I do not use the bags, They are messy and inconvenient to use for any significant quantity of honey. The Stainless steel strainers with the extendable rails that fit over 5 gal buckets and 100 lb. bulk tanks work well, last a long time, and are easy to clean. IMHO You can't beat that.


----------



## Mr.Beeman (May 19, 2012)

How many times have we eaten honey and comb right out of a hive? Myself, quite a few times. Hasn't bothered me much except for this little... I lost my train of thought. lol
I am positive 100's of years ago there was no such thing as food grade safe.


----------



## WVMJ (Apr 2, 2012)

If you look at the paint strainer bags - MADE IN CHINA. Would you have any reason to think that it could possibly be foodsafe when they even put melamine in their baby formula? THey also have an elastic top whereas the ones you buy that are supposedly foodsafe do not have the elastic. Also 100 years ago they didnt have plastic and they thought arsenic was good for you. We sometimes use them to strain berries, wash the bag first, strain quickly, limited time in contact, probably not an issue right? WVMJ


----------



## laketrout (Mar 5, 2013)

Thanks for the ideas , pretty soon I'll be straining my first batch , can't wait !!!


----------



## Honey Hive Farms (Nov 1, 2012)

Honey Hive Farms,
We wouldn't use those, for the money savings you do not want to put your honey and your customers in harms way.
Here is what we sell for the hobbyist and we also use these some and work nice.

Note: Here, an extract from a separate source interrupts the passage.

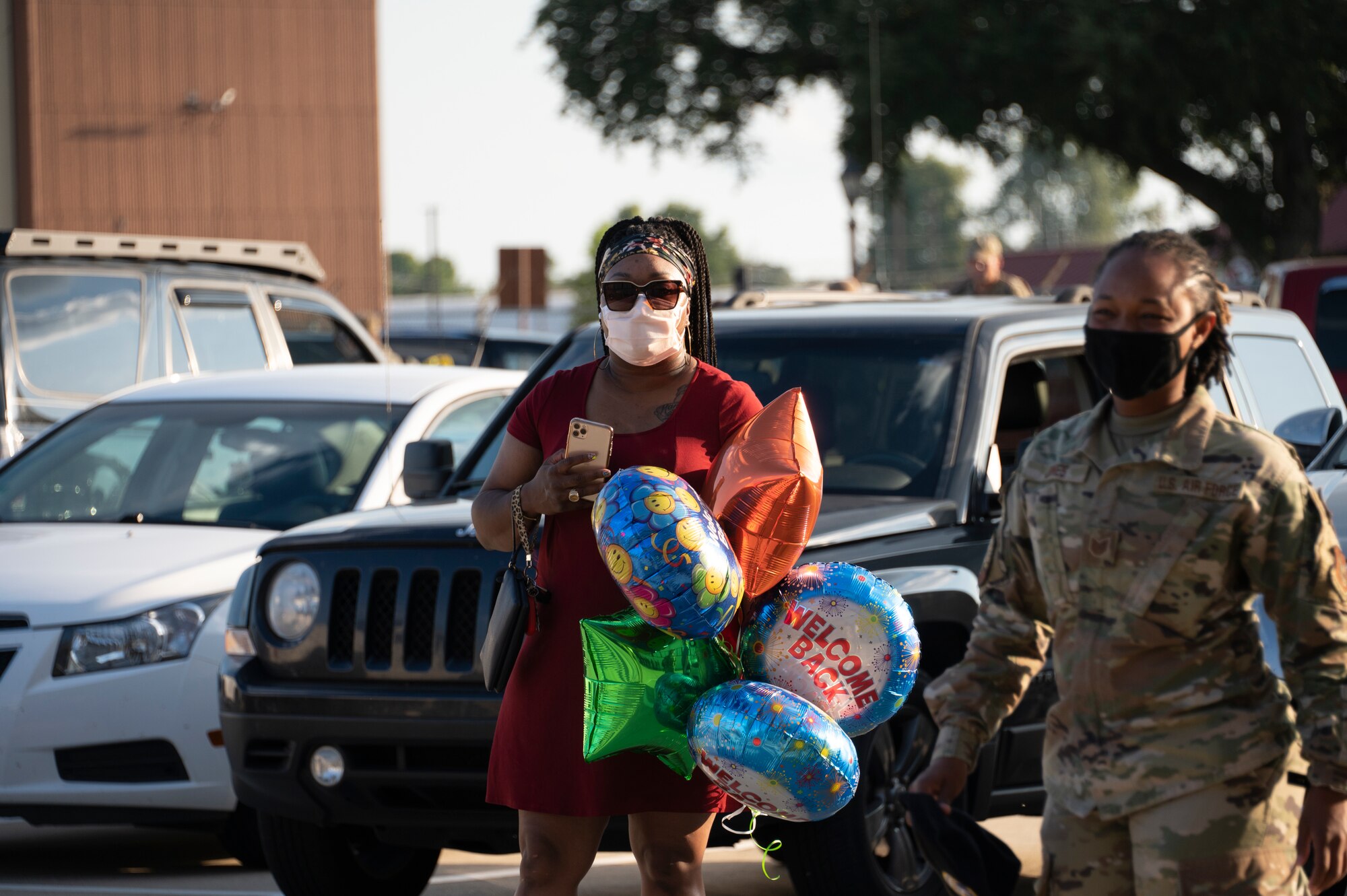 A woman stands holding five balloons, a woman in uniform walks forward.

Hope this helps and the pictures come through.
Tim Moore


----------



## Honey Hive Farms (Nov 1, 2012)

Honey Hive Farms,

Don't use a cheese cloth, leaves material in the honey, you cant see with the eye, but there. 
This is very bad for Fair Honey Competition, NO we did not find out hard way, we have just seen this.

Tim Moore


----------



## laketrout (Mar 5, 2013)

Thanks again for the tips , I have the pail strainers and plan on trying them first and see how things go , I'd rather not go with the paint strainer bags if the pail strainers work out. Pics were good Tim thanks .


----------



## BeeGhost (May 7, 2011)

I don't see a problem using the nylon paint strainers at all. I use them to strain the wax, but havnt used them to strain the honey, although I wouldn't hesitate to. I currently use the Mann Lake bucket strainer system, but here is a tip for those, set them in the bucket as usual, but also put a kitchen strainer on the bucket to catch the wax bits and propolis bits, this will prevent those things from clogging the actual strainers! And the metal strainer is a lot easier and quicker to clean!

I think that to a point, people freak out too much on the whole food grade thing, I mean its one thing to have fish juice dribbling into a bucket of honey, but a washed nylon strainer couldn't possibly cause harm to honey, heck, people use new undyed women nylon stockings to strain honey, infact, that is in the book ABC's & XYZ's of beekeeping.


----------